-- Да, вот именно, кажется, только черт один в таких случаях и знает, что! И... и после того отрицайте-ка вы существование этого господина!..
-- Удивляюсь, как вы целым ушли? Народ-то озверел, поди?
-- Ошеломились очень в первую секунду... А Степка, спасибо ему, не растерялся, мигом выхватил меня из толпы, втолкнул в пролетку и ударил по рысаку... Конь у него - помните? - серый в яблоках, был чуть ли не лучший на все московские биржи... Переулками, переулками - мимо Нескучного, - вылетели на Воробьевы горы: только тут решились дух перевести... Впервые обернулся ко мне Степка с козел - белый с лица, как мел... "Ну, - говорит, - Влас Михайлович, любит тебя Бог, - убить тебя мало: такого страха ты мне задал!" Вернулись в Москву тихонько, кружным путем, через Дорогомиловский мост...
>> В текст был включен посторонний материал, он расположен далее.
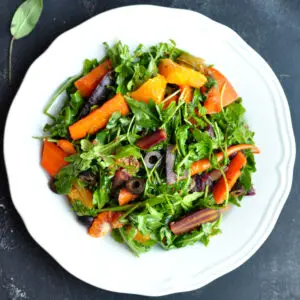 Boldly spiced sous vide carrot salad tossed with oranges and salty olives. It's a refreshing, satisfying, and stunning Moroccan-flavored dish with rainbow colors.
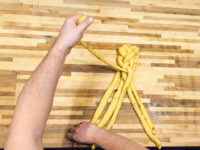 Hands braiding strands of yellow dough into Christmas Vánočka (Houska) on a wooden board.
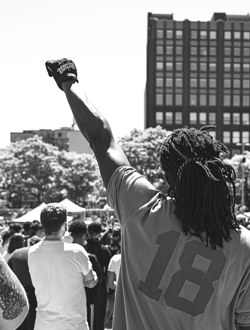 Seen from behind, a person at a rally holds a fist in the air. 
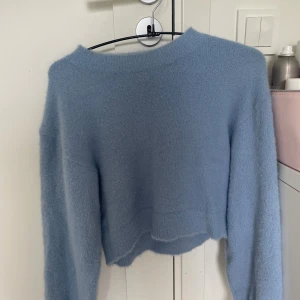 Ljusblå croppad stickad tröja XS - Supermjuk och fluffig ljusblå stickad tröja från Divided. Modellen är croppad med lång ärm och har en enkel, avslappnad passform. Perfekt att slänga på sig för en chill look. Snygg till både jeans och kjol!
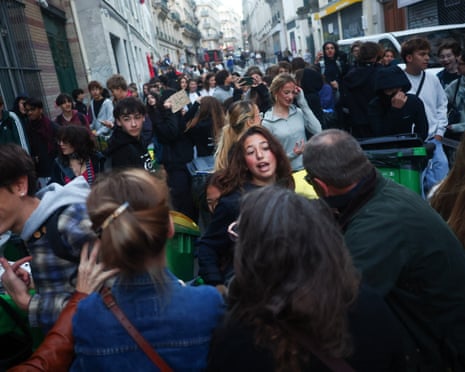A French high school student confronts people who want to prevent her from building a barricade, outside the Lycee Lamartine high school in Paris.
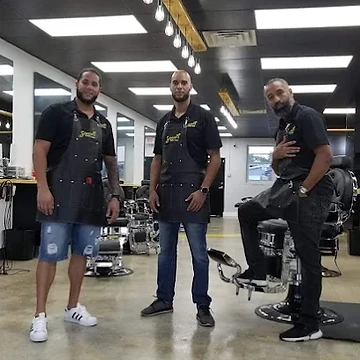 Three Seven18 barbers posing together in the lounge aisle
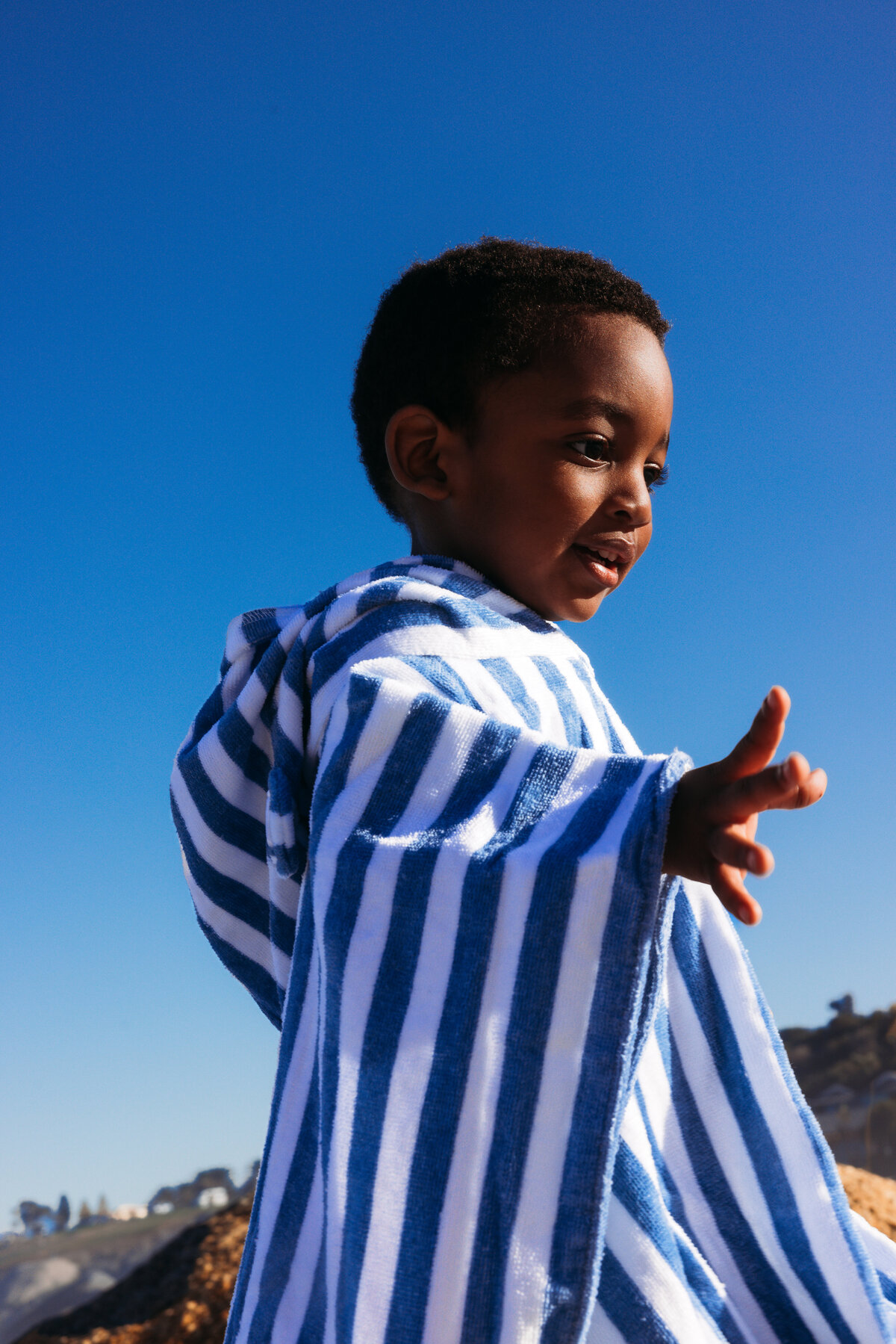 Smiling boy in a blue and white striped poncho on a sunny beach, photographed for Swim Essentials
Но, вопреки подобным порывам и буйствам неуходившегося темперамента, Влас, повторяю, никогда не был не только иррелигиозным, но даже равнодушным и безразличным к религии. Сдерзить Господу Богу своему мог - и очень! Уйти же от него и погрузиться в безверие - нет. К "богоборчеству", крикливою модою на которое ознаменовалось начало русского XX века, Дорошевич относился с совершеннейшим презрением, аттестовал его "малограмотным мальчишеством" и уморительно высмеивал в своих великолепных пародиях.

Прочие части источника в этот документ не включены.